Please transcribe only the lines from the one holding "TRINITY: LA FIGLIA" through the final line of the data, both included, with no pictures.

DATA FOR THIS TASK:
========================================

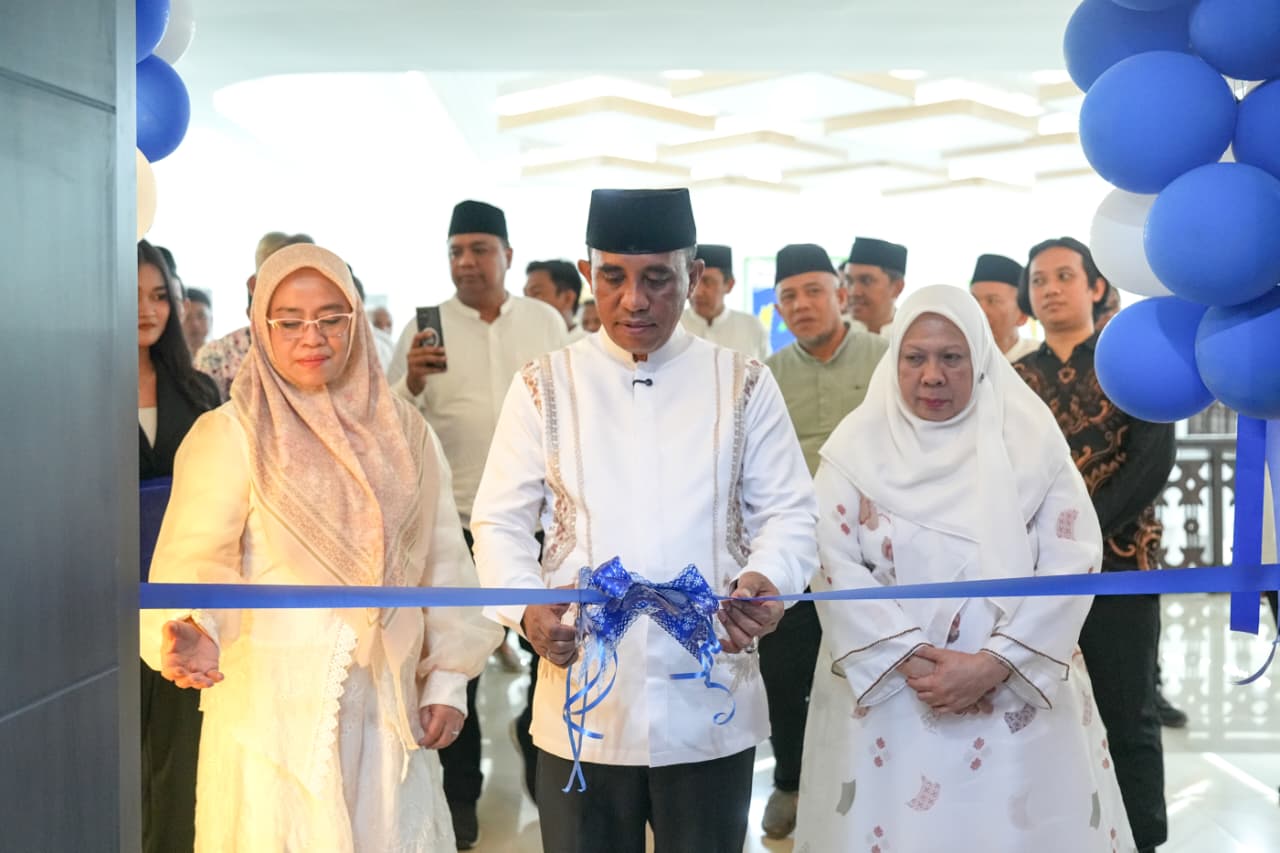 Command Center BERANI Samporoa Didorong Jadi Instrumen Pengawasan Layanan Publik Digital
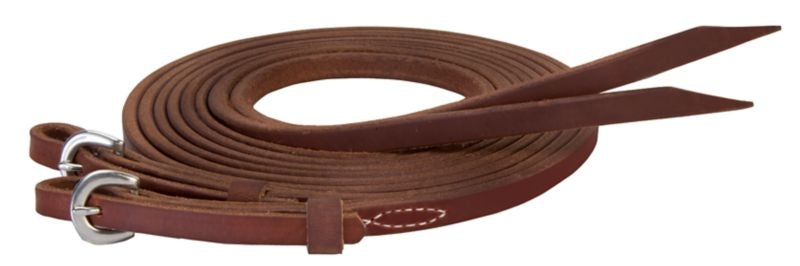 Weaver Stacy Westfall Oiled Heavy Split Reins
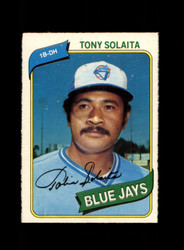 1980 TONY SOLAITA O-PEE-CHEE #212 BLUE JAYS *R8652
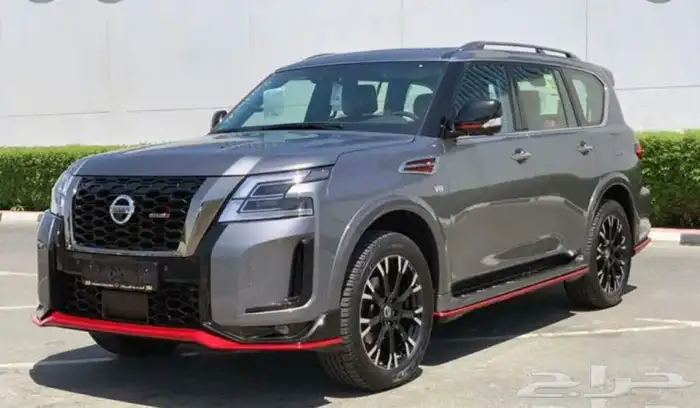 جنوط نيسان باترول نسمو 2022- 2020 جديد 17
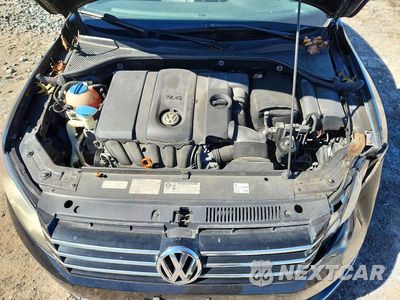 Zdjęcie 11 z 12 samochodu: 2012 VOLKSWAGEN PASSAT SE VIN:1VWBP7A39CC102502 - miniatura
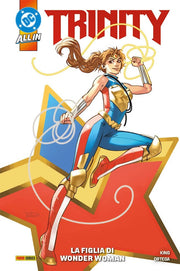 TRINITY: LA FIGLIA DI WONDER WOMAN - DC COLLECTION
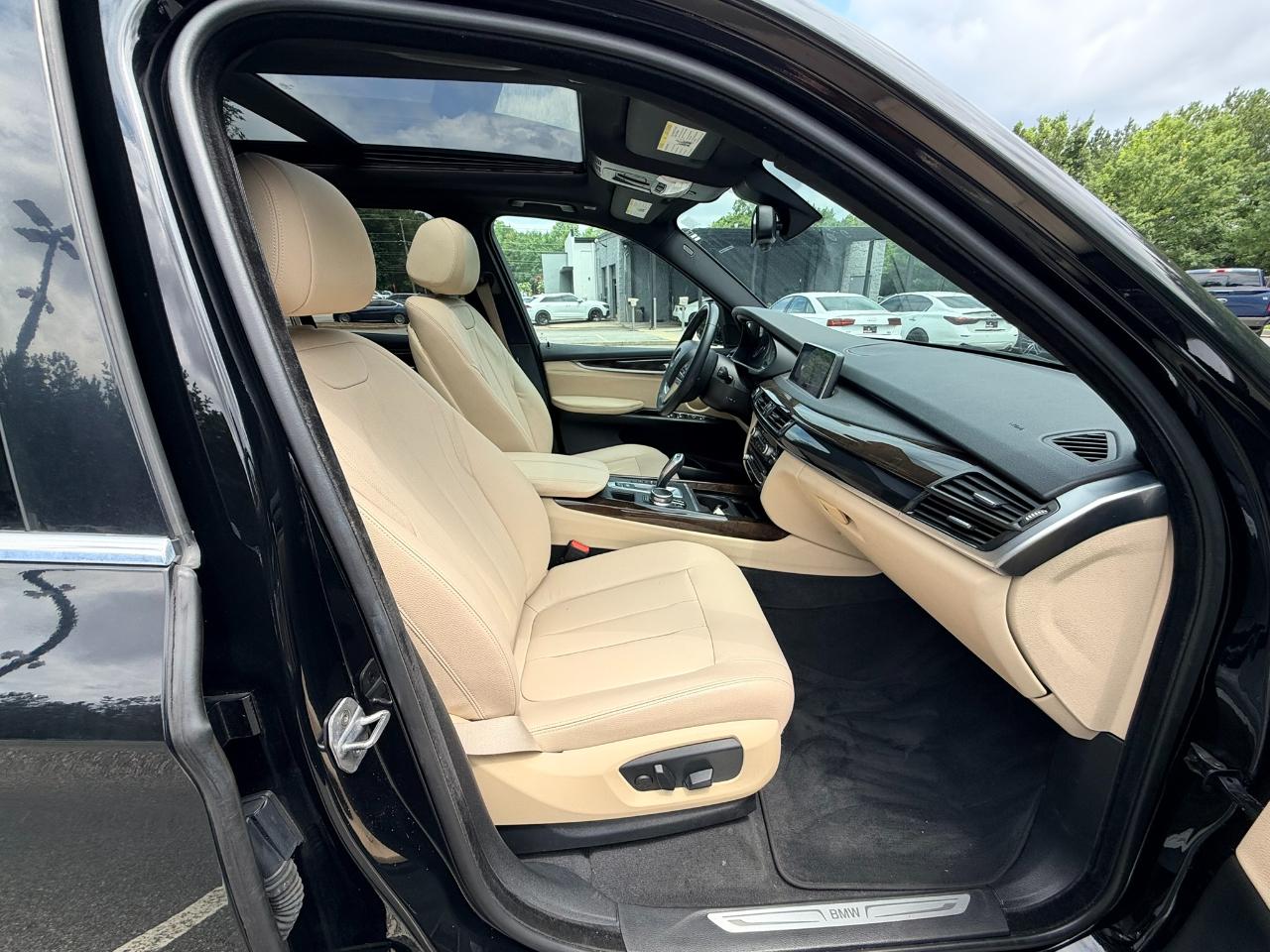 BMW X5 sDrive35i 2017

========================================

SOLUTION TO THE PROBLEM:
 TRINITY: LA FIGLIA DI WONDER WOMAN - DC COLLECTION
 BMW X5 sDrive35i 2017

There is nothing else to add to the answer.